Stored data
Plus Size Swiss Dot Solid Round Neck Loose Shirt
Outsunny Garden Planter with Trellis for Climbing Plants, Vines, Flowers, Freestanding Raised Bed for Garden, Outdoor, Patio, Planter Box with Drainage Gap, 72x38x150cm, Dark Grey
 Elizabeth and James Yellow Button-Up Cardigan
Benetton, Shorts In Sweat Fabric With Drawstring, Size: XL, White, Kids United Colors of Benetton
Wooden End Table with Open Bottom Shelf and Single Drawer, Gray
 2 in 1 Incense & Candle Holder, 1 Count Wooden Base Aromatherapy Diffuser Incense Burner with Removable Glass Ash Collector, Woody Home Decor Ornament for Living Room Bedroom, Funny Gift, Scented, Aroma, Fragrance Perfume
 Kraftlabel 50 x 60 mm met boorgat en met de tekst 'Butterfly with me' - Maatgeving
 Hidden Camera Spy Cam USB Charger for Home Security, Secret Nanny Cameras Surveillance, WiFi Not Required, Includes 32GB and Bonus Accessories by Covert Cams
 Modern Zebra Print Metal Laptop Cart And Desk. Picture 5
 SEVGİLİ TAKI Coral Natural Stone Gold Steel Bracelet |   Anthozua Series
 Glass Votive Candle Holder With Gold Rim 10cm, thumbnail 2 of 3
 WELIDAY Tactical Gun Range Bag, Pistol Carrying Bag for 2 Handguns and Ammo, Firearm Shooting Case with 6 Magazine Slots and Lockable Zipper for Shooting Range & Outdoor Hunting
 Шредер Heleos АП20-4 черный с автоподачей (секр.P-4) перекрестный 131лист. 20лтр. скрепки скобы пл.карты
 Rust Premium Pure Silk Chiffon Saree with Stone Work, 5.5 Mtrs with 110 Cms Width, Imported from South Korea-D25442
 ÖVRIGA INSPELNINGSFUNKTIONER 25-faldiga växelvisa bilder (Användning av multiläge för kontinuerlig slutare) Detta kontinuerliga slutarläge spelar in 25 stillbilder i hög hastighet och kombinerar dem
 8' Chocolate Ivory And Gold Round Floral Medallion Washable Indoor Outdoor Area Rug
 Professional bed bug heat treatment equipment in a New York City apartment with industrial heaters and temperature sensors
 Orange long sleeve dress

• TO DO
Copy the entries word for word. Start at the first line and end with the line containing "Hidden Camera Spy".

• WRITTEN REPLY
Plus Size Swiss Dot Solid Round Neck Loose Shirt
Outsunny Garden Planter with Trellis for Climbing Plants, Vines, Flowers, Freestanding Raised Bed for Garden, Outdoor, Patio, Planter Box with Drainage Gap, 72x38x150cm, Dark Grey
 Elizabeth and James Yellow Button-Up Cardigan
Benetton, Shorts In Sweat Fabric With Drawstring, Size: XL, White, Kids United Colors of Benetton
Wooden End Table with Open Bottom Shelf and Single Drawer, Gray
 2 in 1 Incense & Candle Holder, 1 Count Wooden Base Aromatherapy Diffuser Incense Burner with Removable Glass Ash Collector, Woody Home Decor Ornament for Living Room Bedroom, Funny Gift, Scented, Aroma, Fragrance Perfume
 Kraftlabel 50 x 60 mm met boorgat en met de tekst 'Butterfly with me' - Maatgeving
 Hidden Camera Spy Cam USB Charger for Home Security, Secret Nanny Cameras Surveillance, WiFi Not Required, Includes 32GB and Bonus Accessories by Covert Cams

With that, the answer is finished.